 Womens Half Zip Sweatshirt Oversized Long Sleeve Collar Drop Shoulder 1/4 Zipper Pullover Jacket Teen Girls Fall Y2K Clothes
* * *
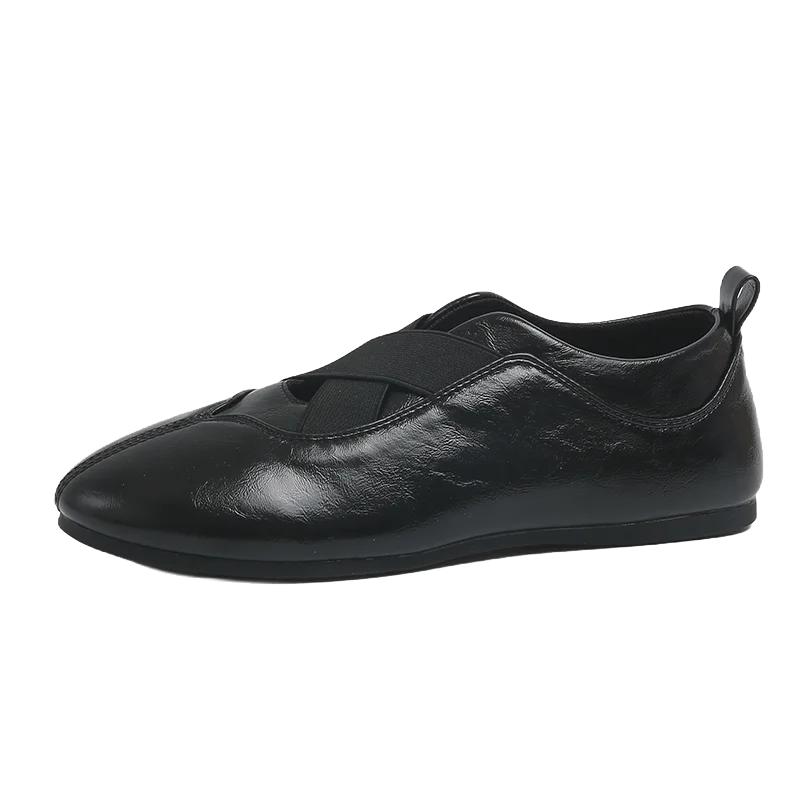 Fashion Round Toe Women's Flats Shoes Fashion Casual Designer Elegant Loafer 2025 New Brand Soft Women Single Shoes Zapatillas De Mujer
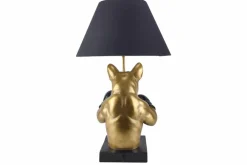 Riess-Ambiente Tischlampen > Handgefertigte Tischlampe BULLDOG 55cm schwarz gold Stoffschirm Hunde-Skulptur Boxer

# Work instructions
Everything above from the line with "Fashion Round Toe" through the line with "Riess-Ambiente Tischlampen >" should be retyped exactly, and nothing else; omit pictures.

# Finished task
 Fashion Round Toe Women's Flats Shoes Fashion Casual Designer Elegant Loafer 2025 New Brand Soft Women Single Shoes Zapatillas De Mujer
 Riess-Ambiente Tischlampen > Handgefertigte Tischlampe BULLDOG 55cm schwarz gold Stoffschirm Hunde-Skulptur Boxer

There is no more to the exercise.